Find the line containing "À Mesquer, la" in the listing below. Repeat it exactly, along with each following line up to and including the one containing "Bike hub motor".
◇ ◇ ◇ ◇
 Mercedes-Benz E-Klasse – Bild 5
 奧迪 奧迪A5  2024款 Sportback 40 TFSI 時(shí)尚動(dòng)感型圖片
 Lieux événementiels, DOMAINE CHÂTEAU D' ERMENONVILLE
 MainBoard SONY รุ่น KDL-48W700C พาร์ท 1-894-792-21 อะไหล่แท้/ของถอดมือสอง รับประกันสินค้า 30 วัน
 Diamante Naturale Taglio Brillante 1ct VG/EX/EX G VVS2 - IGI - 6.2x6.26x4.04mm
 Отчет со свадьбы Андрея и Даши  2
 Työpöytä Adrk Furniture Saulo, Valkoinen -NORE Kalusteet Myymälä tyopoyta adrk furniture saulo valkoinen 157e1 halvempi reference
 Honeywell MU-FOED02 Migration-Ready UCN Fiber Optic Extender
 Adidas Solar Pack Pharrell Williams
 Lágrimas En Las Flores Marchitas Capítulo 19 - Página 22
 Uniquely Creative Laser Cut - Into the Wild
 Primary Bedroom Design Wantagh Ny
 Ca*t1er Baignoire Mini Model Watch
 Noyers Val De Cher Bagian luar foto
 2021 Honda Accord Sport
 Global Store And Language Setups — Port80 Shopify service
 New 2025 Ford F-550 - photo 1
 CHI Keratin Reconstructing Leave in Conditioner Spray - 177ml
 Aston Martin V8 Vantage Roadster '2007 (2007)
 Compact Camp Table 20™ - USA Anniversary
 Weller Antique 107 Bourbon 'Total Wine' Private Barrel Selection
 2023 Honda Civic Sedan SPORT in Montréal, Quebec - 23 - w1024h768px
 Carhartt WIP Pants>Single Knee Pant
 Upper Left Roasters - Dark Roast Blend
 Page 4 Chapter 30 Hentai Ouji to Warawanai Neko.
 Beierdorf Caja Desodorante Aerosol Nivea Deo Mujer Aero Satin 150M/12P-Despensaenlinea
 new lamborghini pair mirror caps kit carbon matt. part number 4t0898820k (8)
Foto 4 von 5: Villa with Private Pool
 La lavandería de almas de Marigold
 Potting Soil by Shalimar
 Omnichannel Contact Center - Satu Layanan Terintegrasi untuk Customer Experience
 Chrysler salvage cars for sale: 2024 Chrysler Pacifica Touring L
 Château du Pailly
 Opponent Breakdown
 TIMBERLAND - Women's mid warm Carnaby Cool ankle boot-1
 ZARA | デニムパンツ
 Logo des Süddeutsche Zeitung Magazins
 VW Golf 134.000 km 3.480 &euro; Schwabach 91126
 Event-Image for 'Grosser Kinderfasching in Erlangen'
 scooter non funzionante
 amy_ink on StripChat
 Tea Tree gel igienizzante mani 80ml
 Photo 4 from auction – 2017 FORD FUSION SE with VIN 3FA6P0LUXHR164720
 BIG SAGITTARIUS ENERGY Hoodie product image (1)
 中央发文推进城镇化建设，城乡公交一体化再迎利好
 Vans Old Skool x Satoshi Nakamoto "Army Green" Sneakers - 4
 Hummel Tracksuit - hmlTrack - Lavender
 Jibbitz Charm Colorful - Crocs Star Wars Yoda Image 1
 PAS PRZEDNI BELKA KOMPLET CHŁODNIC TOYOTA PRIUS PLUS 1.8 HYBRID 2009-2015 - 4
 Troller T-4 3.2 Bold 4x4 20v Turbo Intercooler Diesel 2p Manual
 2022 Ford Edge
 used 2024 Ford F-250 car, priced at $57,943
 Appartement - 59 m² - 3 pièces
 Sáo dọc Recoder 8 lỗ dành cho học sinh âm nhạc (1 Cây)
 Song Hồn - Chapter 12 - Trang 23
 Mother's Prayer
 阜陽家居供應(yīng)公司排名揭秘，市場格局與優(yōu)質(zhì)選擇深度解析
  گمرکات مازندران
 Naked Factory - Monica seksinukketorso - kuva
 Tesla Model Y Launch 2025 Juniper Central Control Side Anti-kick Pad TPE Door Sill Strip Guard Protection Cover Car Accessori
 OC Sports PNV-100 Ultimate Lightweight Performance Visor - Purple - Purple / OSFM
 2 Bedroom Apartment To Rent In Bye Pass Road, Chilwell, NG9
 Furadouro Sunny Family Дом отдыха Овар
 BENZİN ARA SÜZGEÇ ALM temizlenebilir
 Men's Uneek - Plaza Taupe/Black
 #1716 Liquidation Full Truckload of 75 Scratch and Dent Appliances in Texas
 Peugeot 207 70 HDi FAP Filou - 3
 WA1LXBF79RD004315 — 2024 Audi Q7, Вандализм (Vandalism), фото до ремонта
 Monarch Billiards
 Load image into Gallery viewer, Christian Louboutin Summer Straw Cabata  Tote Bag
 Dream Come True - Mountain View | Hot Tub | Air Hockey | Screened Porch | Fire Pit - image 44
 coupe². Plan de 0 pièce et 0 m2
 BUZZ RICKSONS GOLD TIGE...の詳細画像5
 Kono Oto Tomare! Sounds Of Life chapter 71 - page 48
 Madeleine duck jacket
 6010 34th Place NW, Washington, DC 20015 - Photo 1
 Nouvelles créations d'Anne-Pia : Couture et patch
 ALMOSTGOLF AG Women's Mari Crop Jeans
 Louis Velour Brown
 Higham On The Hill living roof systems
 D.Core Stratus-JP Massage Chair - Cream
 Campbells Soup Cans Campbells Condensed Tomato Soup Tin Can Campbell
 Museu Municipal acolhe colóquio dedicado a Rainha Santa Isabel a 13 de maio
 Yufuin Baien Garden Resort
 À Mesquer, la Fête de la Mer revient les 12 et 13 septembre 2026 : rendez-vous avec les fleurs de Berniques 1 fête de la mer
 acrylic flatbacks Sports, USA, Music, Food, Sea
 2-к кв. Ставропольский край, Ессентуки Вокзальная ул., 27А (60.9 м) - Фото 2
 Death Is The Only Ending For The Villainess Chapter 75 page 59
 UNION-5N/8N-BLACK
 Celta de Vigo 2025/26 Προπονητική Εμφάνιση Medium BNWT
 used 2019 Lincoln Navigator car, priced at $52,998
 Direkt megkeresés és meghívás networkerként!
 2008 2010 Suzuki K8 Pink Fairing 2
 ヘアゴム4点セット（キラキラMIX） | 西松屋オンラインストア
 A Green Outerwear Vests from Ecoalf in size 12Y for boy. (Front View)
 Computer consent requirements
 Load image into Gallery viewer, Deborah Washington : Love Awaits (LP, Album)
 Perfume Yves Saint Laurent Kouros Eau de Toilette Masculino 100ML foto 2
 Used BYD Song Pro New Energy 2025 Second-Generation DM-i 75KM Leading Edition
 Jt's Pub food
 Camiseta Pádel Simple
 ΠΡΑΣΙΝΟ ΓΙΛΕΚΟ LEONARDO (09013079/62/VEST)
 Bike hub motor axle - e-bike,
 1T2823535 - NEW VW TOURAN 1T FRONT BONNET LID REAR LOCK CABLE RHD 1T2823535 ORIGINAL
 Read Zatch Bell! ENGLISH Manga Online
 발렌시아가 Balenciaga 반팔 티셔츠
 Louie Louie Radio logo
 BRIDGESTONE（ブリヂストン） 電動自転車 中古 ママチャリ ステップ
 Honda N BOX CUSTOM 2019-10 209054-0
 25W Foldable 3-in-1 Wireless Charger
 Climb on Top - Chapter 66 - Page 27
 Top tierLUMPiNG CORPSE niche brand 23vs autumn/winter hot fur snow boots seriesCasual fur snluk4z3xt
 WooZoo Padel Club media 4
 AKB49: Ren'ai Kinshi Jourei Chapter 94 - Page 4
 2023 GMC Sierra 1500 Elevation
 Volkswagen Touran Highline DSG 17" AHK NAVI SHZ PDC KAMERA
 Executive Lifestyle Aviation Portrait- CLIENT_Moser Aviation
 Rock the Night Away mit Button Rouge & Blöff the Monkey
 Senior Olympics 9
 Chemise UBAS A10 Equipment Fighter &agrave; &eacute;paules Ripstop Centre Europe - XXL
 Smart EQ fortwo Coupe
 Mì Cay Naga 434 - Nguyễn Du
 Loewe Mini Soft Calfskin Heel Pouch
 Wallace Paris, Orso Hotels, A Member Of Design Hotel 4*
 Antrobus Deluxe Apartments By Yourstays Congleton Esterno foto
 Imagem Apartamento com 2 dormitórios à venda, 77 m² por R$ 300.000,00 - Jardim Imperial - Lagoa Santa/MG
◇ ◇ ◇ ◇
**Worked solution:**
 À Mesquer, la Fête de la Mer revient les 12 et 13 septembre 2026 : rendez-vous avec les fleurs de Berniques 1 fête de la mer
 acrylic flatbacks Sports, USA, Music, Food, Sea
 2-к кв. Ставропольский край, Ессентуки Вокзальная ул., 27А (60.9 м) - Фото 2
 Death Is The Only Ending For The Villainess Chapter 75 page 59
 UNION-5N/8N-BLACK
 Celta de Vigo 2025/26 Προπονητική Εμφάνιση Medium BNWT
 used 2019 Lincoln Navigator car, priced at $52,998
 Direkt megkeresés és meghívás networkerként!
 2008 2010 Suzuki K8 Pink Fairing 2
 ヘアゴム4点セット（キラキラMIX） | 西松屋オンラインストア
 A Green Outerwear Vests from Ecoalf in size 12Y for boy. (Front View)
 Computer consent requirements
 Load image into Gallery viewer, Deborah Washington : Love Awaits (LP, Album)
 Perfume Yves Saint Laurent Kouros Eau de Toilette Masculino 100ML foto 2
 Used BYD Song Pro New Energy 2025 Second-Generation DM-i 75KM Leading Edition
 Jt's Pub food
 Camiseta Pádel Simple
 ΠΡΑΣΙΝΟ ΓΙΛΕΚΟ LEONARDO (09013079/62/VEST)
 Bike hub motor axle - e-bike,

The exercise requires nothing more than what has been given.